## Dataset entries

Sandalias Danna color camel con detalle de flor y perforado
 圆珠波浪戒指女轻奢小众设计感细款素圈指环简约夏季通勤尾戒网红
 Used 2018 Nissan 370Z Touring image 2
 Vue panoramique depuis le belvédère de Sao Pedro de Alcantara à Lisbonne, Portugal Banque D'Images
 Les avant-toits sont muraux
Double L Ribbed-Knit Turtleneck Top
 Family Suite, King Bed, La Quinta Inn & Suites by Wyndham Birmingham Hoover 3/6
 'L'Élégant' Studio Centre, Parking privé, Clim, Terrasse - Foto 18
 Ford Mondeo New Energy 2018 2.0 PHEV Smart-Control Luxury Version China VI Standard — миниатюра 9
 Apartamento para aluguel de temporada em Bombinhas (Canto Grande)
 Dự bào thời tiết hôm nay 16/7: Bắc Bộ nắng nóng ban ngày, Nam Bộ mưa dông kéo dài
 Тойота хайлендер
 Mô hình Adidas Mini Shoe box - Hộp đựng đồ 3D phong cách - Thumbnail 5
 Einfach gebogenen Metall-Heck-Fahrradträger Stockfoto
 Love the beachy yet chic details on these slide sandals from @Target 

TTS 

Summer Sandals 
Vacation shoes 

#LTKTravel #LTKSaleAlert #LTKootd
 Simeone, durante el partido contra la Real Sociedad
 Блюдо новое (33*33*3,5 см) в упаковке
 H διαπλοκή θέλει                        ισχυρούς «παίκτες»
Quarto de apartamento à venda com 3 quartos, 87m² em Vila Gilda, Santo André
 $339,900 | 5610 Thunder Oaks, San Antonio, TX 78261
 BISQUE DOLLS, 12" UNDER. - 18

## Your objective
Repeat exactly, and only, the lines from the one containing "Блюдо новое (33*33*3,5 см) в упаковке" through the end of the material.

## Output of the exercise
 Блюдо новое (33*33*3,5 см) в упаковке
 H διαπλοκή θέλει                        ισχυρούς «παίκτες»
Quarto de apartamento à venda com 3 quartos, 87m² em Vila Gilda, Santo André
 $339,900 | 5610 Thunder Oaks, San Antonio, TX 78261
 BISQUE DOLLS, 12" UNDER. - 18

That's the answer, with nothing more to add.